En la casona de los Boulton encontró a su paciente muy animoso, comiendo papas fritas y mirando la telenovela con el perro en las rodillas. Incrédulo, comprobó que el sacerdote veía sin dificultad por el ojo que había estado ciego desde hacía ocho años, y al quitarle el vendaje fue evidente que también veía por el ojo operado.
El Padre Miguel celebró sus setenta años en la parroquia de su barrio. Su hermana Filomena y sus amigas formaron una caravana de coches atiborrados de tortas, pasteles, bocaditos, canastos con fruta y jarras de chocolate, encabezada por El Cuchillo, quien llevaba litros de vino y de aguardiente disimulados en botellas de horchata. El cura dibujó en grandes papeles la historia de su azarosa vida, y los puso en las paredes de la iglesia. En ellos contaba con un dejo de ironía los altibajos de su vocación, desde el instante en que el llamado de Dios lo golpeó como un mazazo en la nuca a los quince años, y su lucha contra los pecados capitales, primero los de la gula y la lujuria, y más tarde el de la ira, hasta sus aventuras recientes en los cuarteles de la Policía, a una edad en que otros vejetes se columpian en una mecedora contando estrellas. Había colgado un retrato de Juana, coronado por una guirnalda de flores, junto a las infaltables banderas rojas. La reunión comenzó con una misa animada por cuatro guitarras, a la cual asistieron todos los vecinos. Pusieron altoparlantes para que la multitud desbordada en la calle pudiera seguir la ceremonia. Después de la bendición algunas personas se adelantaron para dar testimonio de un nuevo caso de abuso de la autoridad, hasta que Filomena avanzó a grandes trancos para anunciar que ya estaba bueno de lamentaciones y que era hora de divertirse. Salieron todos al patio, alguien puso la música y empezó de inmediato el baile y la comilona. Las señoras del barrio alto sirvieron las viandas, mientras El Cuchillo encendía fuegos de artificio y el cura bailaba un charlestón, rodeado por todos sus feligreses y amigos,
para demostrar que no sólo podía ver como un águila, sino que además no había quien lo igualara en una parranda.

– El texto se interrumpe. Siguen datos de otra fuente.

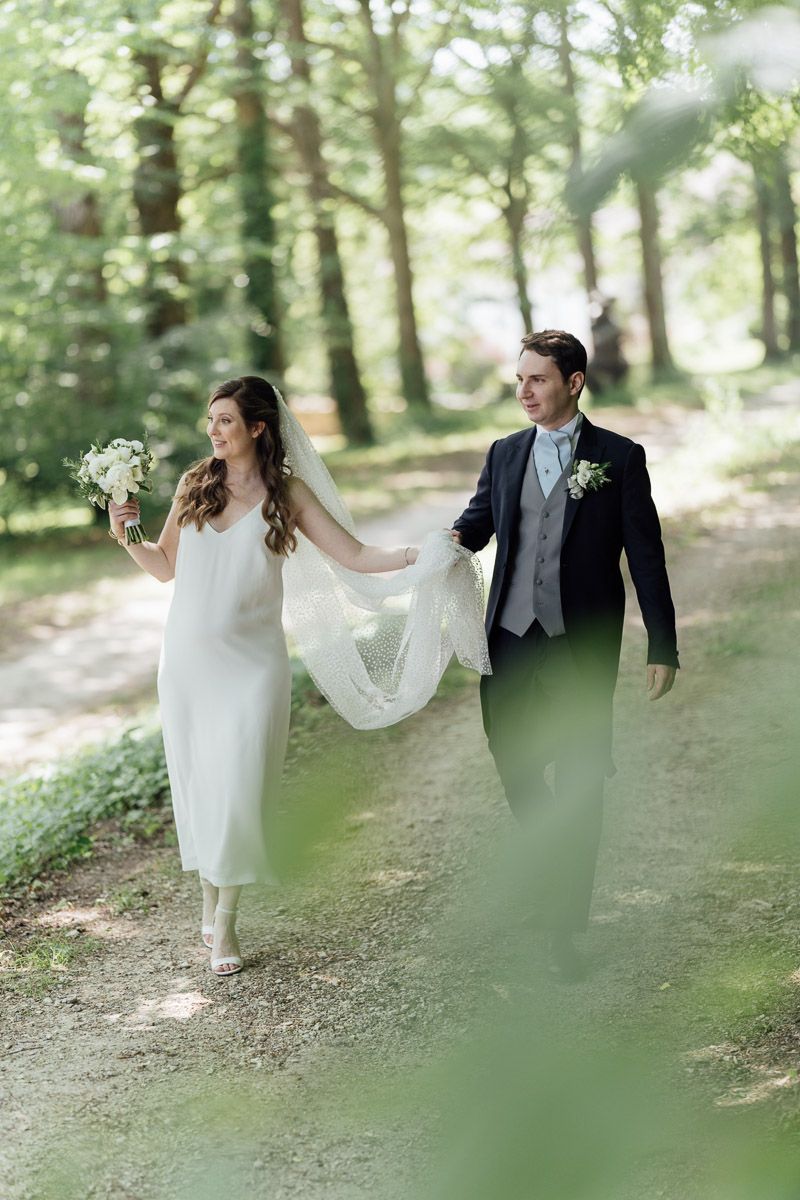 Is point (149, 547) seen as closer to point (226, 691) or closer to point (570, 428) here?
point (226, 691)

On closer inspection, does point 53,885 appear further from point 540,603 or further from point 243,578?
point 540,603

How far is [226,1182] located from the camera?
347 centimetres

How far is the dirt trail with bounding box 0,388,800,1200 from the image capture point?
368cm

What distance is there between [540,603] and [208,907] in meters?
1.88

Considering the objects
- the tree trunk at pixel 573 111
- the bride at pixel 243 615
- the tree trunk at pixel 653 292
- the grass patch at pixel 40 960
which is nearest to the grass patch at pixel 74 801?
the grass patch at pixel 40 960

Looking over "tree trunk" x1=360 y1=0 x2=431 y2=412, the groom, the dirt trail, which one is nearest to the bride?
the groom

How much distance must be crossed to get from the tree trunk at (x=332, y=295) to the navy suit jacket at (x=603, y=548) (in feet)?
64.7

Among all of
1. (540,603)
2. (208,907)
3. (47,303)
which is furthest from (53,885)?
(47,303)

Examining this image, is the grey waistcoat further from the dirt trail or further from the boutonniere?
the dirt trail

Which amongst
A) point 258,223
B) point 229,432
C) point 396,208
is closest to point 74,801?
point 229,432

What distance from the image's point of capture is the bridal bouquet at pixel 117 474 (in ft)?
16.4

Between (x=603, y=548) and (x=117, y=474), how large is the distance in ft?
6.22

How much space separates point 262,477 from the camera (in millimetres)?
4914

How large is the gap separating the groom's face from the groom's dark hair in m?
0.01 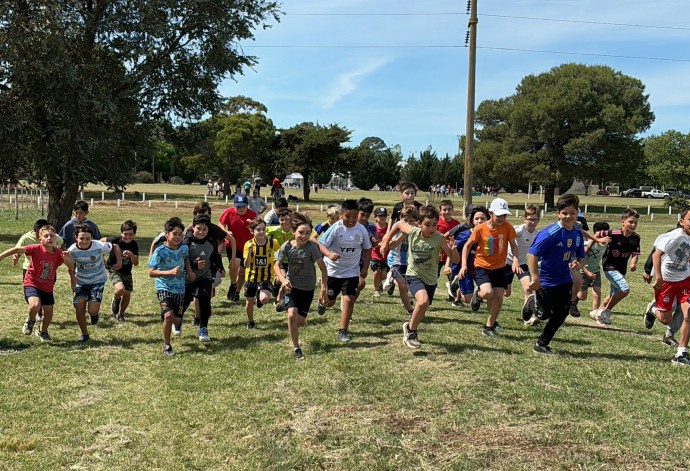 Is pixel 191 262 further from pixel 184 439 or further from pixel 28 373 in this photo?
pixel 184 439

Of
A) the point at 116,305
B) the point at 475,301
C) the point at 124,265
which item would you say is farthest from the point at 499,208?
the point at 116,305

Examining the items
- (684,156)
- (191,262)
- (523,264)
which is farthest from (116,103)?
(684,156)

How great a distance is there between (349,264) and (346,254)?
14 cm

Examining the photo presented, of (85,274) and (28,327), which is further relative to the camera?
(28,327)

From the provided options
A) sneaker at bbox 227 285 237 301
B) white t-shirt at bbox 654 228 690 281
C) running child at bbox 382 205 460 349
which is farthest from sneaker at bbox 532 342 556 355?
sneaker at bbox 227 285 237 301

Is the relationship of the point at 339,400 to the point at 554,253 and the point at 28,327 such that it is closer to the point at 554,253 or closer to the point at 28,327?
the point at 554,253

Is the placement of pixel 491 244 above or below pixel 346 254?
above

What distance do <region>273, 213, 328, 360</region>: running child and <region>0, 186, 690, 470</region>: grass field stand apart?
0.45 meters

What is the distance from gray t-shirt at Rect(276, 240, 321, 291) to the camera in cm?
704

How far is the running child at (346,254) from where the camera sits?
773 centimetres

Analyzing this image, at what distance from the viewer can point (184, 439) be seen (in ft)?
15.4

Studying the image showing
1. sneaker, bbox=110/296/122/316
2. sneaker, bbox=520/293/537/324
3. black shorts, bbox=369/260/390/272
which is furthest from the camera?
black shorts, bbox=369/260/390/272

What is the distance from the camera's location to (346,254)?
7.82 meters

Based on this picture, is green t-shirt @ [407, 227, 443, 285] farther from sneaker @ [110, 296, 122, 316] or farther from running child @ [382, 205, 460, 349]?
sneaker @ [110, 296, 122, 316] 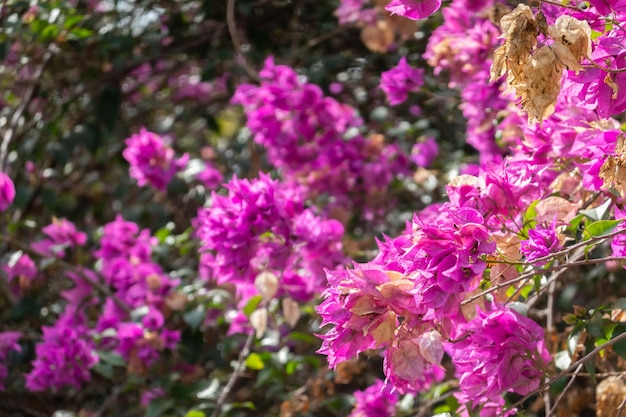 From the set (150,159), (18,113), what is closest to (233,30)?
(150,159)

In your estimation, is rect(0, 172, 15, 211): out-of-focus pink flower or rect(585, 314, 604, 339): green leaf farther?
rect(0, 172, 15, 211): out-of-focus pink flower

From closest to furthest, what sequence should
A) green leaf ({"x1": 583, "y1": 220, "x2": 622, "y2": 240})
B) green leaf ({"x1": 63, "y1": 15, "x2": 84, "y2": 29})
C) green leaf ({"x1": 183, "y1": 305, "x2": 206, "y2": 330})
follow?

– Estas fiestas populares no tienen nada de poesía–observó Gilberto después del tercer vaso de falsa horchata, pero sus respingos de lord inglés no lograron disimular que se estaba divirtiendo.
– ¡A ver curita, cuéntanos el milagro! – gritó alguien, y el resto del público se unió en la petición.
El sacerdote hizo callar la música, se acomodó el desorden de la ropa, de un manotazo se aplastó los pocos pelos que le coronaban la cabeza y con la voz quebrada por el agradecimiento se refirió a Juana de los Lirios, sin cuya intervención todos los artificios de la ciencia y de la técnica habrían resultado infructuosos.
– Si al menos fuera una beata proletaria sería más fácil tenerle confianza–apuntó un atrevido y una carcajada general coreó el comentario.
– ¡No me jodan con el milagro, miren que se me enoja la santa y me quedo otra vez ciego de perinola! – rugió el Padre Miguel indignado-. ¡Y ahora pónganse todos en fila, porque me van a firmar una carta para el Papa! Y así, en medio de risotadas y tragos de vino, todos los pobladores firmaron la solicitud de beatificación de Juana de los Lirios.
UNA VENGANZA
El mediodía radiante en que coronaron a Dulce Rosa Orellano con los jazmines de la Reina del Carnaval, las madres de las otras candidatas murmuraron que se trataba de un premio injusto, que se lo daban a ella sólo porque era la hija del Senador Anselmo Orellano, el hombre más poderoso de toda la provincia. Admitían que la muchacha resultaba agraciada, tocaba el piano y bailaba como ninguna, pero había otras postulantes a ese galardón mucho más hermosas. La vieron de pie en el estrado, con su vestido de organza y su corona de flores saludando a la muchedumbre y entre dientes la maldijeron. Por eso, algunas de ellas se alegraron cuando meses más tarde el infortunio entró en la casa de los Orellano sembrando tanta fatalidad, que se necesitaron veinticinco años para cosecharla.
La noche de la elección de la reina hubo baile en la Alcaldía de Santa Teresa y acudieron jóvenes de remotos pueblos para conocer a Dulde Rosa. Ella estaba tan alegre y bailaba con tanta ligereza que muchos no percibieron que en realidad no era la más bella, y cuando regresaron a sus puntos de par tida dijeron que jamás habían visto un rostro como el suyo. Así adquirió inmerecida fama de hermosura y ningún testimonio posterior pudo desmentirla. La exagerada descripción de su piel traslúcída y sus ojos diáfanos, pasó de boca en boca y cada quien le agregó algo de su propia fantasía. Los poetas de ciudades apartadas compusieron sonetos para una doncella hipotética de nombre Dulce Rosa.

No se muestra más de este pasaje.